- [What the exercise asks]
Take the data below and copy exactly the lines starting at the one with "Selo The BoB · Said El Hajj" and finishing at the one with "Men's Premium Sunglasses", both included.

[Short web captions]
=====
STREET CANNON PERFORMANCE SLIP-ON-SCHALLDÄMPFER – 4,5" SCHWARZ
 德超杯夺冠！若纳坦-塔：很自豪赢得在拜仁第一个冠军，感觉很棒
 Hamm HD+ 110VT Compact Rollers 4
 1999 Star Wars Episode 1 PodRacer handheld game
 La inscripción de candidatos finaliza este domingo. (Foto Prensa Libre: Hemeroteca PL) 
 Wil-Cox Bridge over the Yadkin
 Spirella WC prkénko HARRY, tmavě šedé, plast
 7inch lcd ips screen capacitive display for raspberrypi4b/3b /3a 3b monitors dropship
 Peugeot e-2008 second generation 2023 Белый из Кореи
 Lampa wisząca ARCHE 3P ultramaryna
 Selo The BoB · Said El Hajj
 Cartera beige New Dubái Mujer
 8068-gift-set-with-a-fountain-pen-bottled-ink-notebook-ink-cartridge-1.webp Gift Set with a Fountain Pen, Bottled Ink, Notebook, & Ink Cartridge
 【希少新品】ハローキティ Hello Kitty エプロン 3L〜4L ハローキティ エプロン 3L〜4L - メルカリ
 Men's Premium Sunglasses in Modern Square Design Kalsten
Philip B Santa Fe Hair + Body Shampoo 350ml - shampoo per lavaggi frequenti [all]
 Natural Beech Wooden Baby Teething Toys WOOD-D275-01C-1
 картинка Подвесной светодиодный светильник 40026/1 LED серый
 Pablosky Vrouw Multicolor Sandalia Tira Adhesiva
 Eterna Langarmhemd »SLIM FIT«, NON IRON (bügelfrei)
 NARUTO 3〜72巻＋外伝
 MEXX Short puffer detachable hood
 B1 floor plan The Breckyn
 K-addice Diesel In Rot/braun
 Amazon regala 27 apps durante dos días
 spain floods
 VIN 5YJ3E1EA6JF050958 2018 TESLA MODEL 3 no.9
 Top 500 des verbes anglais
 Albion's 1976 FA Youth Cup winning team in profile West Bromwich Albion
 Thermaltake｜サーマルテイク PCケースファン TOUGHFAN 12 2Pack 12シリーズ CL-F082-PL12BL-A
=====
- [Answer for this exercise]
 Selo The BoB · Said El Hajj
 Cartera beige New Dubái Mujer
 8068-gift-set-with-a-fountain-pen-bottled-ink-notebook-ink-cartridge-1.webp Gift Set with a Fountain Pen, Bottled Ink, Notebook, & Ink Cartridge
 【希少新品】ハローキティ Hello Kitty エプロン 3L〜4L ハローキティ エプロン 3L〜4L - メルカリ
 Men's Premium Sunglasses in Modern Square Design Kalsten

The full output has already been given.